Problem

Given an array of integers that is already sorted in ascending order, find two numbers such that they add up to a specific target number.

The function twoSum should return indices of the two numbers such that they add up to the target, where index1 must be less than index2. Please note that your returned answers (both index1 and index2) are not zero-based.

You may assume that each input would have exactly one solution and you may not use the same element twice.

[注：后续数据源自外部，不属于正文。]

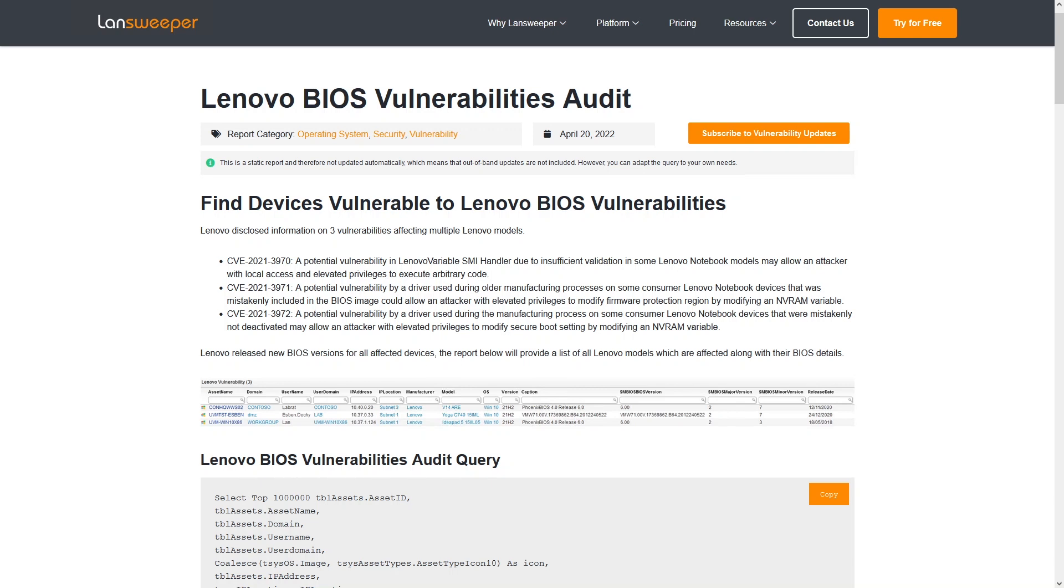If you don't have Linesweeper yet, you can try it out for free. We have a free trial, so you can just grab it, install it, scan your network, grab all that data, and get the overview you need to tackle this vulnerability.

Input: numbers={2, 7, 11, 15}, target=9 Output: index1=1, index2=2

即找到陣列中兩個元素的和等於給定數字的元素，陣列已排序。

Python 實現

# Given an array of integers that is already sorted in ascending order, find two numbers such that they add up to a specific target number.
 

#
# The function twoSum should return indices of the two numbers such that they add up to the target, where index1 must be less than index2. Please note that your returned answers (both index1 and index2) are not zero-based.
#
# You may assume that each input would have exactly one solution and you may not use the same element twice.
 

#
# Input: numbers={2, 7, 11, 15}, target=9
# Output: index1=1, index2=2

# author li.hzh
class Solution:

    def twoSum(self, numbers, target):
        """
        :type numbers: List[int]
        :type target: int
        :rtype: List[int]
        """
        map = {}
        index = 1
        for val in numbers:
            other = target - val
            if other in map:
                return [map.get(other), index]
            map[val] = index
            index += 1

    def twoSum_without_extra_space(self, numbers, target):
        """
        :type numbers: List[int]
        :type target: int
        :rtype: List[int]
        """
        head, tail = 0, -1
        cur_sum = numbers[head] + numbers[tail]
        while cur_sum != target:
            if cur_sum < target:
                head += 1
            else:
                tail -= 1
            cur_sum = numbers[head] + numbers[tail]
        return [head + 1, len(numbers) + tail + 1]

分析

這裡也做了兩個解法，解法1，是通用解法。即，不關心陣列中元素的排列規律，藉助一個map來尋找成對的元素。

但是，題目明確說明陣列中的元素已排序，那麼顯然是有特殊的解法。即解法二，通過首尾元素相加，與給定值比較。如果小於給定元素，顯然只能首指標向後移位，再相加比較。如果大於則尾指標前移。每次比較後，都是明確的單向移動，直到最終找到匹配結果。